Configuring persistence for large dataset on small cluster

Hello Apache Ignite friends,
I am trying to load 1bn records in an ignite cache with persistence enabled
for a poc. Records only consist of an id, a uuid and a state, and I'd like
to lookup by id (this is the key in the cache) and by token (sql queries
for that are fine or another cache keyed by uuid is another option).

The experiment is running locally on a MacOs (16Gb memory) laptop and I'd
like to use as little memory as possible, and use disk storage as much as
possible. Everything works ok until ~150M with query index enabled, and
~600M without index or side cache, so I'd be curious about what type of
settings (if any) could help w/ the setup, and what amount of data can a
single node be expected to handle. Restarting my ignite node and the
loading process seems to help and more data can be stuffed in the cache.

I've tried to play w/ settings like size, number of partitions etc and to
find some info on how to control what's onheap/offheap etc, any
overhead/sizing that could be taken into consideration without much
success.
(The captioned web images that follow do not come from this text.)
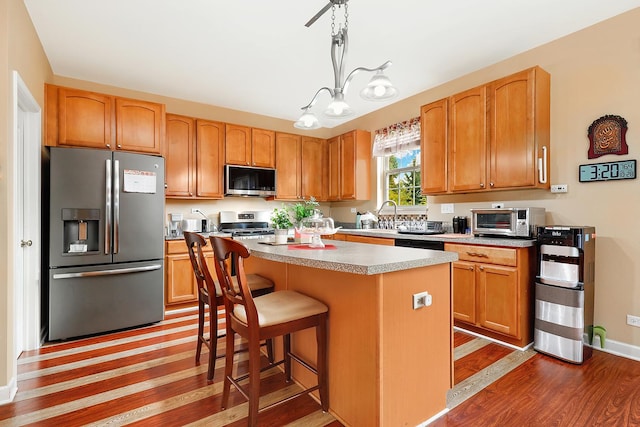 kitchen with pendant lighting, hardwood / wood-style flooring, stainless steel appliances, a center island, and a kitchen breakfast bar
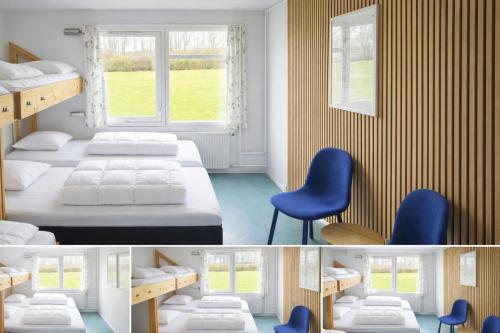 a bedroom with two beds and blue chairs at Danhostel Aalborg in Aalborg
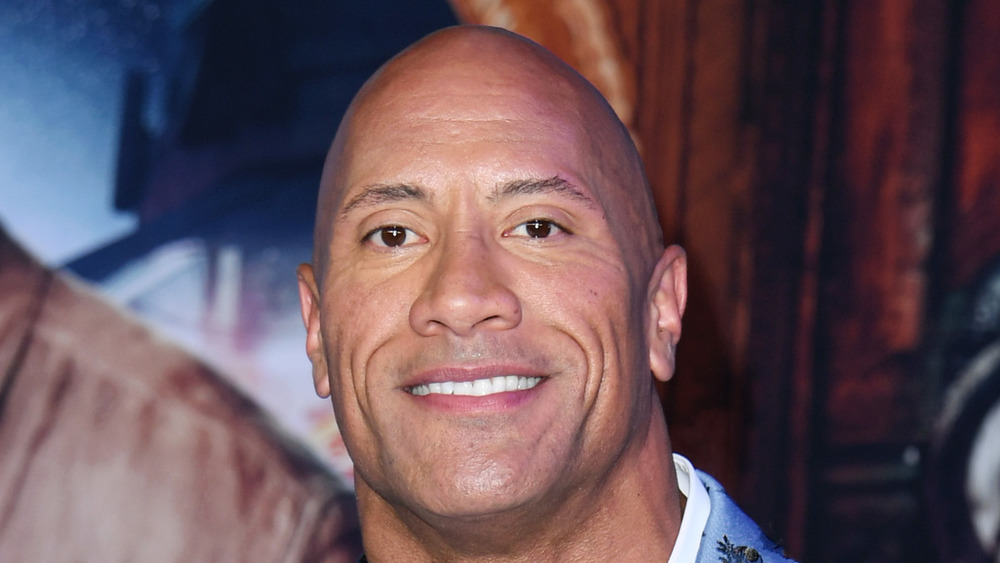 Dwayne Johnson posing at a red carpet event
Maybe the experiment is doomed to fail just based on the specs,
but it would be good to understand the constraints..  so any help would be
much appreciated!

Thanks in advance!
Sebastien

PS:
JVM is running w/ -Xms4g -Xmx4g -server -XX:MaxMetaspaceSize=256m settings.
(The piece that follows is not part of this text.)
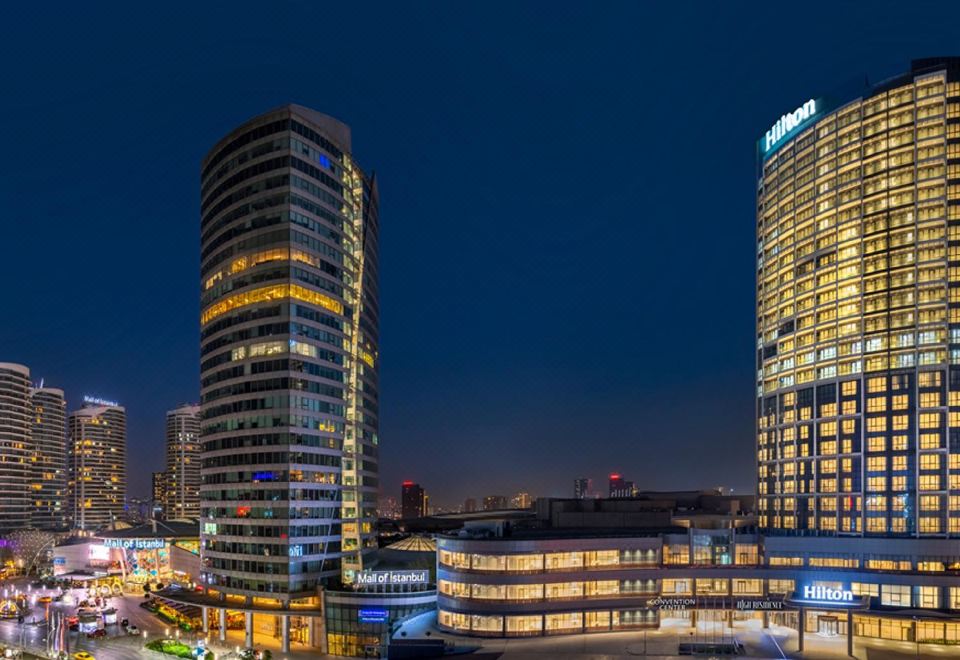 a city skyline at night , with two tall buildings illuminated and surrounded by a body of water at Hilton Mall of Istanbul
Some snippet of the config:

<property name=*"persistenceEnabled"* value=*"true"* />

<property name=*"initialSize"* value=*"#{4L * 1024 * 1024 * 1024}"* />

<property name=*"maxSize" *value=*"#{4L * 1024 * 1024 * 1024}"* />

<property name=*"pageEvictionMode"* value=*"RANDOM_2_LRU"* />

Cache configuration

<property name=*"cacheConfiguration"*>

<bean class=*"org.apache.ignite.configuration.CacheConfiguration"*>

<!-- Set the cache name. -->

<property name=*"name"* value=*"qa_sqr_txn"* />

<!-- Set the cache mode. -->

<property name=*"cacheMode"* value=*"PARTITIONED"* />

<property name=*"backups"* value=*"0"* />

<property name=*"storeKeepBinary"* value=*"true"* />


<property name=*"affinity"*>

<bean class=
*"org.apache.ignite.cache.affinity.rendezvous.RendezvousAffinityFunction"*>

<property name=*"partitions"* value=*"8192"* />

</bean>

</property>


<!-- Configure query entities -->

<property name=*"queryEntities"*>

<list>

<bean class=*"org.apache.ignite.cache.QueryEntity"*>

<!-- Setting the type of the key -->

<property name=*"keyType"* value=*"java.lang.String"* />

<property name=*"keyFieldName"* value=*"id"* />


<!-- Setting type of the value -->

<property name=*"valueType"* value=*"com.xxx.Txn"* />


<property name=*"fields"*>

<map>

<entry key=*"id"* value=*"java.lang.String"* />

<entry key=*"token"* value=*"java.lang.String"* />

<entry key=*"state"* value=*"java.lang.String "* />

</map>

</property>

<!--

<property name="indexes">

<list>

<bean class="org.apache.ignite.cache.QueryIndex">

<constructor-arg value="token" />

</bean>

</list>

</property>

 -->

</bean>

</list>

</property>

</bean>

</property>

Re: Configuring persistence for large dataset on small cluster

Posted by Sebastien Blind <se...@gmail.com>.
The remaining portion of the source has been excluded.